* WHAT YOU SHOULD DO: Once you reach the line containing "chota_akmal's tweet photo." in the data below, restate each line word for word up to and including the one containing "Passwordless Authentication: Is".

* DATA TO EXAMINE:
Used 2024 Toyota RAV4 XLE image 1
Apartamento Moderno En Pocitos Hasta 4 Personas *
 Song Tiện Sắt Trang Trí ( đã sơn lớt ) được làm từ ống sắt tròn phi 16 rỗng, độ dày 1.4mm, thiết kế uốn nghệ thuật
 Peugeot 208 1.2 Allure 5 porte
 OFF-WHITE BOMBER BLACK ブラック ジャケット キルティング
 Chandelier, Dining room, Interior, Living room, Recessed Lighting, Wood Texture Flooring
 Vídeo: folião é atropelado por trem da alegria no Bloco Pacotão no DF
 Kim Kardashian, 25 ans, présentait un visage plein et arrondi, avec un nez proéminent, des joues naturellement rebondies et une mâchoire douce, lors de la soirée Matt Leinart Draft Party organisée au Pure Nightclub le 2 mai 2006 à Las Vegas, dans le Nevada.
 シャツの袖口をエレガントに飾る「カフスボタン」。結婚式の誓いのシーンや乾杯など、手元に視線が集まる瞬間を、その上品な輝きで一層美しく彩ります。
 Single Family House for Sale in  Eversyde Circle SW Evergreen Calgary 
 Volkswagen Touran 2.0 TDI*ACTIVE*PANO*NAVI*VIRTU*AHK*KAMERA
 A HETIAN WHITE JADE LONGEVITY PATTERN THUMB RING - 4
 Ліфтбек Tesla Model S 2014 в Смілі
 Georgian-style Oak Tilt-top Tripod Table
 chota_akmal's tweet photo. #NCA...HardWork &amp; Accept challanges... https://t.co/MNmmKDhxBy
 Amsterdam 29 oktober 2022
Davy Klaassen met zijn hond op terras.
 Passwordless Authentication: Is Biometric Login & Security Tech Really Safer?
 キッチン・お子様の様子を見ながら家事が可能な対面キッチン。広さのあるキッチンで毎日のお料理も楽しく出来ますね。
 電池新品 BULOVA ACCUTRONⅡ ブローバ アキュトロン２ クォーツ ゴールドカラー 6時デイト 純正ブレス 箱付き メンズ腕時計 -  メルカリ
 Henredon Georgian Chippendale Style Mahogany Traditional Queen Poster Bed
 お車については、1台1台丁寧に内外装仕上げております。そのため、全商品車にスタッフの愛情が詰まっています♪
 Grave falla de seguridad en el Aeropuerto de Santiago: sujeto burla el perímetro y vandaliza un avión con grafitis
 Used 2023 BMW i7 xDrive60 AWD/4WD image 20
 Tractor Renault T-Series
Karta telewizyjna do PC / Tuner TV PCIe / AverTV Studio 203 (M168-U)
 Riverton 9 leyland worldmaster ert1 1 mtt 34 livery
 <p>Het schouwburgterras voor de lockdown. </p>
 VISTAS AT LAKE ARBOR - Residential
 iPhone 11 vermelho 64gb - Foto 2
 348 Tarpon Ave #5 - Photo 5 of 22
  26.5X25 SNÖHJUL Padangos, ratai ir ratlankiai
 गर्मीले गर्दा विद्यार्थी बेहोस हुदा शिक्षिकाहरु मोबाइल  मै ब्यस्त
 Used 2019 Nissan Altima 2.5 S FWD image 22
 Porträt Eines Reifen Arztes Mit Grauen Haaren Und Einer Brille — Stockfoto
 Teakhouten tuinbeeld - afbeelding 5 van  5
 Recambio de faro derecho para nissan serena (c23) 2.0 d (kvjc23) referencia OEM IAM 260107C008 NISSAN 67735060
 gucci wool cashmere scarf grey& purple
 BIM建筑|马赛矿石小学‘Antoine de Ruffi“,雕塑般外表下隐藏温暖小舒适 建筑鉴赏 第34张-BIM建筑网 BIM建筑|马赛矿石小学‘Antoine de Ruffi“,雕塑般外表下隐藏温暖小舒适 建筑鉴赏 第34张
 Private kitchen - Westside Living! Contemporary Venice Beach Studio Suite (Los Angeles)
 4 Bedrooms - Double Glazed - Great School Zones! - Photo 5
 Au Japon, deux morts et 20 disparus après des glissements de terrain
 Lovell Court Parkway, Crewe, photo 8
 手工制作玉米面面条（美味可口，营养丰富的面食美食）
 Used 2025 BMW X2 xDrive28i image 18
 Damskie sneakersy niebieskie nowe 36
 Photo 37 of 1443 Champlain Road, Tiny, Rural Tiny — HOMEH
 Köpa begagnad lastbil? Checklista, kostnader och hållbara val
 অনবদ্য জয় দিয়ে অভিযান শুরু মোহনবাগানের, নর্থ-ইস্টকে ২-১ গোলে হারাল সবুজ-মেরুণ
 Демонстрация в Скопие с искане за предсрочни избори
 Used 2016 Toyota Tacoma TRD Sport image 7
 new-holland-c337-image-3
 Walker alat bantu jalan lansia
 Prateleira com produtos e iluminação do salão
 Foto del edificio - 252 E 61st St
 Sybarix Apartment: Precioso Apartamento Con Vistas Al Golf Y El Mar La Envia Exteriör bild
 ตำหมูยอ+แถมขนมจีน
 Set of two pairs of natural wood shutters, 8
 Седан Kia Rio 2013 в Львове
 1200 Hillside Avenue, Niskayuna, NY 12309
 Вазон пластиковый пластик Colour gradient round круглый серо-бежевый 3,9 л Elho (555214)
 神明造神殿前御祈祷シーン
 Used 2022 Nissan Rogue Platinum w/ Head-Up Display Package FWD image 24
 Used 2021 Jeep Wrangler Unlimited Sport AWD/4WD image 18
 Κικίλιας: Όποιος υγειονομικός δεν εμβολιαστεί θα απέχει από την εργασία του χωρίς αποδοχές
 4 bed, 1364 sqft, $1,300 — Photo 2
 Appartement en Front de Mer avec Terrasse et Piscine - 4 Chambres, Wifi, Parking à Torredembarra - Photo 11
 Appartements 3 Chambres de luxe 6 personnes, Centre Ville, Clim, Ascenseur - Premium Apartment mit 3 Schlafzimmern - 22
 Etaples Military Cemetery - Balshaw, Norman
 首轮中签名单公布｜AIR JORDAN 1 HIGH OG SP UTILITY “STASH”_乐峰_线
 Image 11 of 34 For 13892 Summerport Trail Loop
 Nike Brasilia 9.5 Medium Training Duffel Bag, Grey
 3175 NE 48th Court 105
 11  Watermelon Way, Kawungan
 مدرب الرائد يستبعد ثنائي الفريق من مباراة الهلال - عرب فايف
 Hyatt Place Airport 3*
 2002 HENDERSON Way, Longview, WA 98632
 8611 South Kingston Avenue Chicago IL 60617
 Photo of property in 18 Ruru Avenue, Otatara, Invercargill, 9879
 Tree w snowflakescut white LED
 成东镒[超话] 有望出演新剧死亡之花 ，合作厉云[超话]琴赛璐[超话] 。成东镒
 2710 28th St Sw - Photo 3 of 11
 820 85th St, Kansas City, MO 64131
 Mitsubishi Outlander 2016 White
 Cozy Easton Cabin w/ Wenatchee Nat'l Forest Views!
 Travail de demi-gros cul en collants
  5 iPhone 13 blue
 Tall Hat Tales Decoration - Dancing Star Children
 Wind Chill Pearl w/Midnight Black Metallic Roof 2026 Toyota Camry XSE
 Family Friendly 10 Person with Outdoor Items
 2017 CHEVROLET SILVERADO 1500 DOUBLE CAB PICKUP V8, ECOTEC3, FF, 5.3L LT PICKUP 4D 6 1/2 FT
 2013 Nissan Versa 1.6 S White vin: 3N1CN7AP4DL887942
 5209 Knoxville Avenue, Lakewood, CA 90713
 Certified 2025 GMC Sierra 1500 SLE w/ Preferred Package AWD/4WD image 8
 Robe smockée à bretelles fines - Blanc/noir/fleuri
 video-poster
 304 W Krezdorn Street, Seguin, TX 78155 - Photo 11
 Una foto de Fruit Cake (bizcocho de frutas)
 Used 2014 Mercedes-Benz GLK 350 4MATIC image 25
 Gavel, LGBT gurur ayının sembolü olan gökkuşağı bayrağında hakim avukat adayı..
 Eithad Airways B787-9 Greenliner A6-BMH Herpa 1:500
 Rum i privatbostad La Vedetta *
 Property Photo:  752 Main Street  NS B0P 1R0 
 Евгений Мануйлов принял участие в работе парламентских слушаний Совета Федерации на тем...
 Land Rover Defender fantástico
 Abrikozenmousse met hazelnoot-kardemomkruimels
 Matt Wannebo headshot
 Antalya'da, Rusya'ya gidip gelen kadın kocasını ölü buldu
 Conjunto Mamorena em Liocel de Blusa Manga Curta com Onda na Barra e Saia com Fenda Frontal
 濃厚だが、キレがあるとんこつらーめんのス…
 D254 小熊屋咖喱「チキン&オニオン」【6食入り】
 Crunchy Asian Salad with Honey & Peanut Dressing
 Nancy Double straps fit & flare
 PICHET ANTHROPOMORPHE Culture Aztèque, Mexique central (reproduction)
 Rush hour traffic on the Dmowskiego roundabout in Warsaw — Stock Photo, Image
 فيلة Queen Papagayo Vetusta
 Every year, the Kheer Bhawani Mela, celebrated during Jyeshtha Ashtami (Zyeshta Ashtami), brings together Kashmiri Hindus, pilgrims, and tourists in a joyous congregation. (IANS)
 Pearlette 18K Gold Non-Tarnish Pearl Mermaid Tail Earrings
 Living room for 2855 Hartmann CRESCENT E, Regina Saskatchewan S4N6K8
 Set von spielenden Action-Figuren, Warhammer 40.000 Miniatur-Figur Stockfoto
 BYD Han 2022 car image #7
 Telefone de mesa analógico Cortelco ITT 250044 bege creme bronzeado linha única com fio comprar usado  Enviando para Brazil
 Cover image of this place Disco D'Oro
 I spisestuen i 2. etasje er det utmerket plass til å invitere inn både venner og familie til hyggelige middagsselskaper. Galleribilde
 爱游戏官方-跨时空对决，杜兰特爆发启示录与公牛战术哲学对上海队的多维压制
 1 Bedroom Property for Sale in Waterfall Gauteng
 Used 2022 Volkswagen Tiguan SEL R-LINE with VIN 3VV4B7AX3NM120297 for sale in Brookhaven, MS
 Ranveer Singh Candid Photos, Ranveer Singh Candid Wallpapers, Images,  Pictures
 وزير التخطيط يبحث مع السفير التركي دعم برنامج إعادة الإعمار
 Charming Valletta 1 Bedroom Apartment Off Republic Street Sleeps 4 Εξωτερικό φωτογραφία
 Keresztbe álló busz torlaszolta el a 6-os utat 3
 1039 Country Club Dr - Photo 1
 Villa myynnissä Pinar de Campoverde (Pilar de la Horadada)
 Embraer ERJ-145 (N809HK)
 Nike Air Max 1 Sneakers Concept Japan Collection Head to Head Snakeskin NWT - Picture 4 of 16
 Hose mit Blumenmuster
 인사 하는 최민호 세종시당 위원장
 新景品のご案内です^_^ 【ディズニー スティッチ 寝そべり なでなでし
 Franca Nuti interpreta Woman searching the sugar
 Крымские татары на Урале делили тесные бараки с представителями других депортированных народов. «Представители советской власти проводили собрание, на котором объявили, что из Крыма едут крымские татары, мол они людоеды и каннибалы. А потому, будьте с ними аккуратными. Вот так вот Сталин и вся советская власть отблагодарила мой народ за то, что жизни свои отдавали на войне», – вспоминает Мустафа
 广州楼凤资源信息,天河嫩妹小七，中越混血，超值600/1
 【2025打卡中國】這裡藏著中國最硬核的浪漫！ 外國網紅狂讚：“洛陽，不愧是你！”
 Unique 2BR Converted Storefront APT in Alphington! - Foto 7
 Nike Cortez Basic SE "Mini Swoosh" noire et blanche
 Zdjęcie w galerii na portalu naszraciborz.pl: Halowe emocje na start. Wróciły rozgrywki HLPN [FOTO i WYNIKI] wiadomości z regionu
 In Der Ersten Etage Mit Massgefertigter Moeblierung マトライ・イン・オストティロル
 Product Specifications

* OUTPUT BELOW:
 chota_akmal's tweet photo. #NCA...HardWork &amp; Accept challanges... https://t.co/MNmmKDhxBy
 Amsterdam 29 oktober 2022
Davy Klaassen met zijn hond op terras.
 Passwordless Authentication: Is Biometric Login & Security Tech Really Safer?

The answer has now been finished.